Si nous retiendrons de Chirac Président la courageuse attitude qu’il put avoir de dispenser l’armée française de remettre le couvert en Irak en 2003, contrairement à l’opération Daguet acceptée par son prédécesseur en forces supplétives de l’US Army, ou sa sainte colère à l’endroit des policiers israéliens dans les rues de Jérusalem, il ne faut pas oublier les autres signes moins spectaculaires de son activité…

Notamment la création de l’ANPE, lorsqu’il était Ministre du Travail et que l’existence de près de « 400 000 chômeurs » commençait d’inquiéter dans notre pays.

Mettons à son actif le vote de la loi Veil sur l’avortement, obtenu avec le soutien de la quasi-totalité des députés de gauche, élus à plus de 180 en mars 1973, et d’une minorité de députés de la majorité censée pourtant soutenir le Gouvernement dirigé par Jacques Chirac.

C’est là une situation unique dans l’Histoire de la Ve République.

Quelques temps auparavant, après avoir été élu de la Haute Corrèze en 1967 avec un peu plus de 500 voix d’avance sur son concurrent communiste (la Haute Corrèze, pourvue d’une solide tradition résistante, avait déjà eu, dans le passé et notamment en 1936, un député PCF), Jacques Chirac avait rendu quelques services à son mentor, l’ancien Président Georges Pompidou (un quasi voisin venu du Cantal), notamment en faisant « messager d’Etat » entre rue de Varenne (Matignon) et rue Lafayette (siège de la CGT), un pistolet dans la poche, durant les événements de mai 1968, lors de la négociation des accords de Grenelle.

Nous nous souviendrons aussi de son affranchissement audiovisuel lors d’un débat télévisé de 1971, le duel Chirac – Marchais.

D’un côté, un Ministre de 38 ans et de l’autre, un Secrétaire général adjoint du PCF âgé de 50 ans environ.

Et le pauvre Chirac se fit étaler pour le compte sur la proposition de son interlocuteur demandant le vote d’une loi sur la transparence des ressources des partis politiques.

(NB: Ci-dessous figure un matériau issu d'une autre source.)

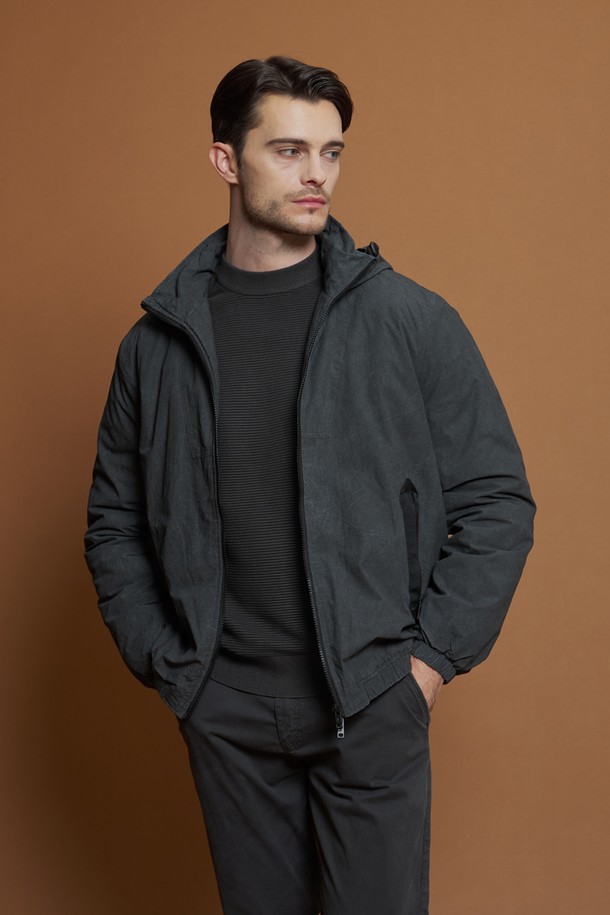 세련된 남성 패션을 완성할 골지 크루넥 니트 M-QNIT59 그레이 컬러입니다. 부드러운 촉감의 비스코스, 폴리에스터, 나일론 혼방 소재로 제작되어 편안한 착용감을 선사합니다. 가을과 겨울, 데일리 및 이너웨어로 활용하기 좋으며, 슬림핏 디자인과 가로 골지 패턴이 돋보입니다. 소매 라인의 세로 골지 패턴과 뛰어난 신축성으로 활동성을 높였으며, 캐주얼, 미니멀, 클래식 스타일의 출근룩과 겨울 데일리룩에 매치하기 좋습니다.
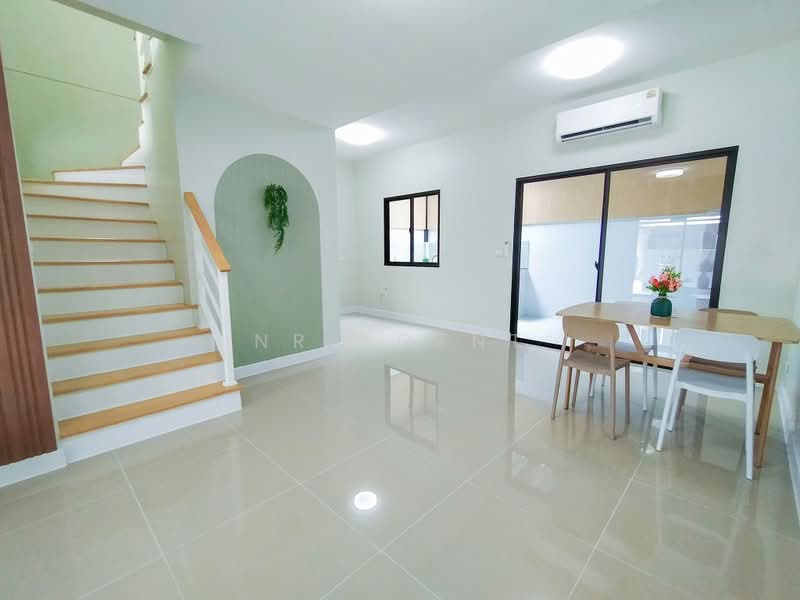 The Connect Onnut-Wongwann, Bangkok, Kanchanaphisek Rd, Dok Mai, Prawet, Bangkok, 3 Bedrooms, 101 sqm, Townhouse For Sale, by NR AGENT, 500458294 - DDproperty.com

Il répondit alors « c’est certainement un problème à étudier », formule qui provoqua une hilarité générale, montrant s’il en était besoin que cela fait belle lurette que ce souci de transparence anime l’opinion publique…

Et le fait qu’élu Maire de Paris en 1977, Jacques Chirac ne se priva aucunement des nouvelles possibilités qui lui étaient offertes.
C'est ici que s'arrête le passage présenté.